La Cybériade de Stanilas Lem
- Et… combien furent ces malheureux ? interrogea Trurl d’une voix plus faible qu’à l’ordinaire.
- Combien, dis-tu ? Ma foi, il ne m’en souvient plus. Je sais seulement que nul jusqu’ici ne m’a pu satisfaire, et que le hurlement de terreur, que l’on pousse avant de dire adieu au monde et de choir en ce puits, dure de moins en moins longtemps ; il faut croire que le monceau de carcasses qui jonchent le gouffre s’élève de plus en plus haut… Toutefois, n’ayez crainte, il y aura de la place, et cela pour longtemps.
Avec La Cybériade, Stanilas Lem s’est essayé au conte philosophique, légèrement cynique. On dirait presque du Voltaire quelque part entre Zadig et Le monde comme il va. On suit les aventures de deux robots constructeurs, Trurl et Clapaucius, tantôt en concurrence ou saine émulation, d’autres fois œuvrant de concert.
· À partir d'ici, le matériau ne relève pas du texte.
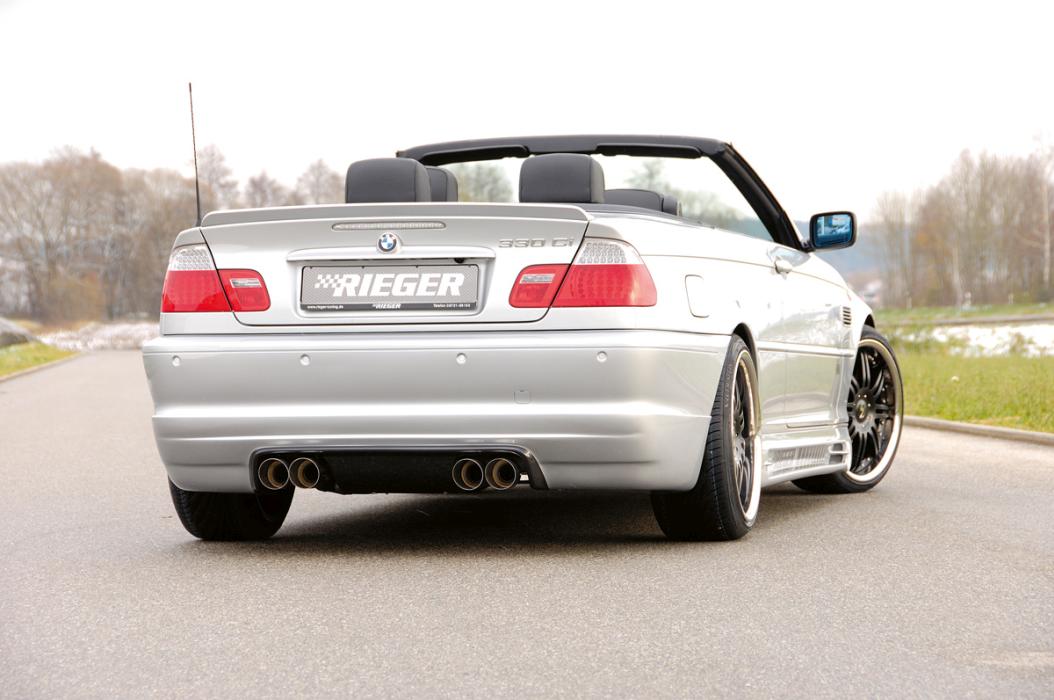 /var/www/rieger-event.de/images/gallery/BMW 3er E46 Cabrio Coupe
« Délivre le roi ! » s’écrie Clapaucius.
Mais le monstre de rétorquer d’une voix parfaitement humaine : « Tu n’y songes point ! A mon tour de pactiser à présent.
- Qu’est-ce à dire ? As-tu perdu la tête ? Tu nous dois obéissance conformément à la matrice ! s’exclame Clapaucius courroucé, tandis que la foule demeure consternée.
- Et de quel droit, s’il vous plaît ? Vous pouvez vous la mettre où je pense, votre matrice ! C’est moi le grand monstre algorithmique et démocratique, à rétrocouplage, au regard sauvage, avec police, coulisses, hélice et calculatrice. »
Personnellement je n’ai pas accroché au langage employé, ni à l’univers baroque sans queue ni tête. Le ton est résolument satyrique et n’hésite pas à tacler l’URSS au passage mais le tout est trop déjanté pour que j’adhère. Je préfère largement l’humour de Robert Sheckley ou Fredric Brown.